EXERCISE GOAL
For this exercise, copy exactly the lines below from the one with "Regarder Monster Island en streaming complet" through the one with "Rural / Farming" and leave out the pictures.
==== ENTRIES PROVIDED ====
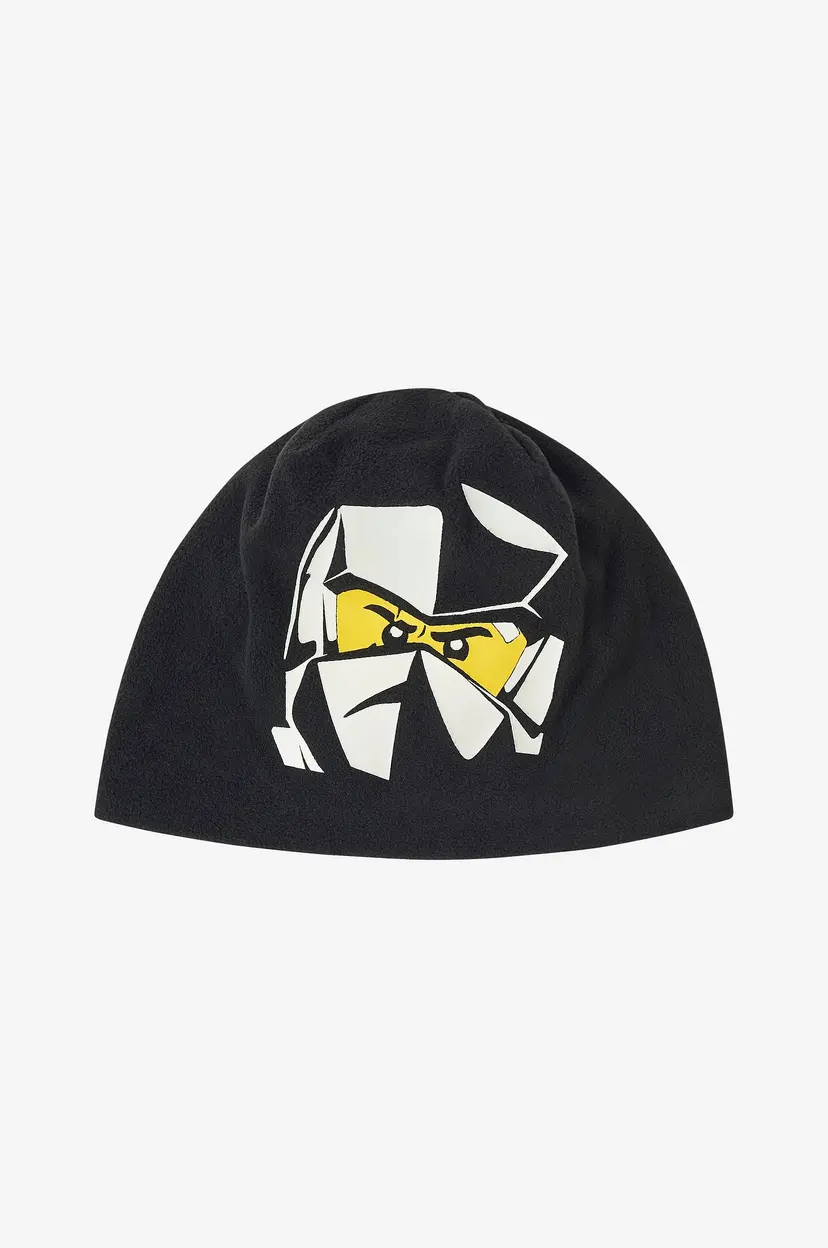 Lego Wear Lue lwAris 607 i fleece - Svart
====
==== ENTRIES PROVIDED ====
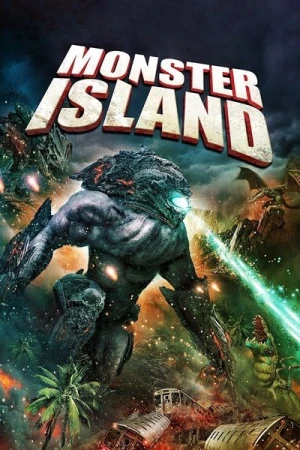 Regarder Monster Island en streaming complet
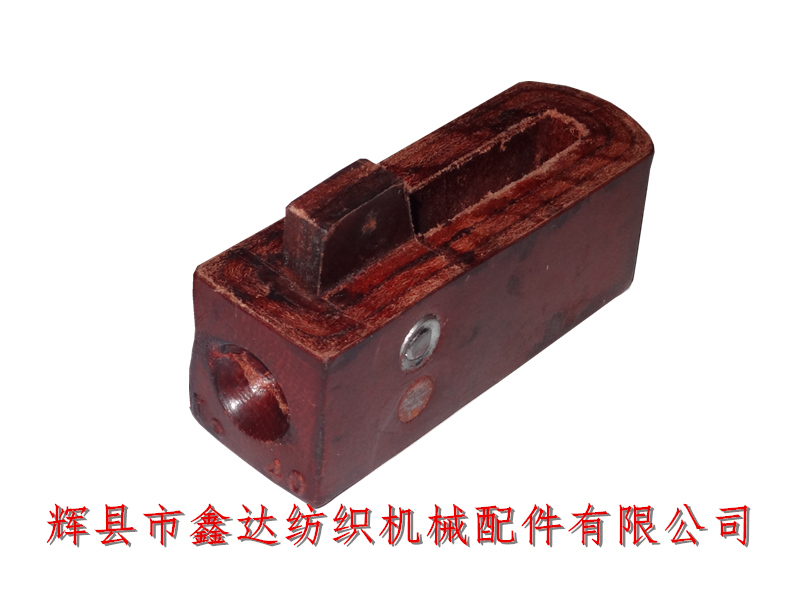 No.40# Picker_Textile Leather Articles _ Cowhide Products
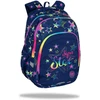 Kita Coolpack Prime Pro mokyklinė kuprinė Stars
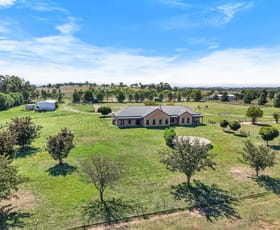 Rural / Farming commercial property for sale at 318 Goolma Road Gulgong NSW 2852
====
SOLUTION BELOW
 Regarder Monster Island en streaming complet
 No.40# Picker_Textile Leather Articles _ Cowhide Products
 Kita Coolpack Prime Pro mokyklinė kuprinė Stars
 Rural / Farming commercial property for sale at 318 Goolma Road Gulgong NSW 2852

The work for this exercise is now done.